Take a look at the video above for my "man on the scene" coverage.
Female: The following is an ESG On Location video.
Nik: Hi. I'm here at the Spark Summit East in New York City. It's been a very interesting show so far. We've had more lines of code on keynotes than I've seen in some time at a tech conference. I'm not sure that's a good thing. It suggests to me this is still early stage, still complicated and difficult to do. I've seen a lot of people discuss here how do they do complex things related to governance. How do they address architecture? There's still a lot of questions. But the nice thing is it's been well-grounded in the use cases.
We've had Capital One, we've had Ebay, we've had people articulate how do they use the technologies to do the things they want to do with Spark. They want to do streaming. They want to do machine learning. They want to use SQL or OLAP and be able to work with their Hadoops, or they want to be able to do graphing, all these different functionalities. People are really here to understand how do they solve complex technical problems, but apply it to a business use case.
Something else we've noticed is there's some technology shifts going on, but there's some environmental shifts at the same time. People moving away from a pure bare metal deployment of big data, and looking at virtualization, running on VMs, using Docker to contain their applications for analytics, or even parts of their big data platform. We're also seeing that shift happen towards cloud, and I think Databricks has been vindicated here, as people are saying, "I don't want to have to worry as much about building the underlying infrastructure, I want to focus on how do I build my data platform, how do I set up my analytics." And of course, other cloud players also active in this space, people are using Amazon extensively, Microsoft. Maybe not so much the high added value services that we would have expect, but give me an environment where I can set this up, I can be elastic, maybe more secure than I am on premise, maybe more available, but certainly quicker time to value.
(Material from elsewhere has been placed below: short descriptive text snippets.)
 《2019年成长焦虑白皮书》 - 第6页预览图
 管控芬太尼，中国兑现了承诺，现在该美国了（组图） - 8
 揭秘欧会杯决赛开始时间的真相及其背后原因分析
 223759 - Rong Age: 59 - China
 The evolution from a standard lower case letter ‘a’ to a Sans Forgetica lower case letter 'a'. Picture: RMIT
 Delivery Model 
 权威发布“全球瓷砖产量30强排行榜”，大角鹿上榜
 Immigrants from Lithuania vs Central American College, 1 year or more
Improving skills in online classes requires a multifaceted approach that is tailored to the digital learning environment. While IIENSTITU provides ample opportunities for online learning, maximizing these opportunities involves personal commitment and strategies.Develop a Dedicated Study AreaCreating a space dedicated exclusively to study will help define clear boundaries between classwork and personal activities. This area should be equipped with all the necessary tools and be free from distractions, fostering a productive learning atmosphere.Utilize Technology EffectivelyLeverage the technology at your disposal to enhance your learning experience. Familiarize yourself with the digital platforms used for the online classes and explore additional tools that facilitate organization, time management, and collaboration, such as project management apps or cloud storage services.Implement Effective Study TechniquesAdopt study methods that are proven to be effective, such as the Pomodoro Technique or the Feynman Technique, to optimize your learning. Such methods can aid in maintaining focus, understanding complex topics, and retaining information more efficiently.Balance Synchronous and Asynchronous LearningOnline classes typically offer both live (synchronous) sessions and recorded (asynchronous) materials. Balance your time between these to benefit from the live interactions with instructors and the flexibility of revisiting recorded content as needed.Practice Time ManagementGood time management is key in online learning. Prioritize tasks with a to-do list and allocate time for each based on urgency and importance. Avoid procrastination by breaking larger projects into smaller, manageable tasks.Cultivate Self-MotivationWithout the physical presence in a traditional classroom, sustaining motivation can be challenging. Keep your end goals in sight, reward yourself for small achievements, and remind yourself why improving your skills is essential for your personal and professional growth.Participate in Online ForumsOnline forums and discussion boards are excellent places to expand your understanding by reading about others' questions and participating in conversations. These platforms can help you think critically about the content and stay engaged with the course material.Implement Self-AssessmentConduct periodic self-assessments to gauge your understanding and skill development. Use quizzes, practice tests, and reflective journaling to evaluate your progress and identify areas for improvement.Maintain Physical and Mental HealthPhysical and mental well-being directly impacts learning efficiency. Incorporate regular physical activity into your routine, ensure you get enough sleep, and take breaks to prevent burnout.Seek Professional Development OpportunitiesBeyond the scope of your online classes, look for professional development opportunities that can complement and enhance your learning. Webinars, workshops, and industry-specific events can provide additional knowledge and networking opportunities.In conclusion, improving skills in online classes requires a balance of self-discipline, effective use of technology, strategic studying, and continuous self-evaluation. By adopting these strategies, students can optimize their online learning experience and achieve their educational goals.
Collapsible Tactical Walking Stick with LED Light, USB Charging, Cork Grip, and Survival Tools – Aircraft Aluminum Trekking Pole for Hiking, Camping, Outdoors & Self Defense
A lot of the news here has been around Spark 2.0, obviously the next major iteration in the technology platform. I think one of the key pieces is that they want to make streaming just work for people, not have to think about how to re-engineer my application to work in a streaming environment, but really make it transparent so that the data scientists, data engineer can focus on getting the value, not rewriting, redesigning everything. Now alongside that, Spark 2.0 has a new API foundation coming out. They're looking at how do they better link up Kafka, file systems, databases, and other extensions to the platform that make it more consumable.
At the same time, we're seeing other technologies still emerge. Apache Arrow's a big deal, bringing out in memory framework to be able to do columnar databases, but use that across different technologies, different platforms in the environment. And even Google's starting to make inroads. I've heard many references to things like Google Dataflow, Google TensorFlow. Interesting to see that player not just be looked up to as somebody who can do it well, but somebody who can deliver technology out to the field.
All in all, it's been a really great show. A lot of momentum, a lot of interest in Spark. In two years, Spark has caught up to where Hadoop is. I think it's really interesting to see the growth and the new outreach going on.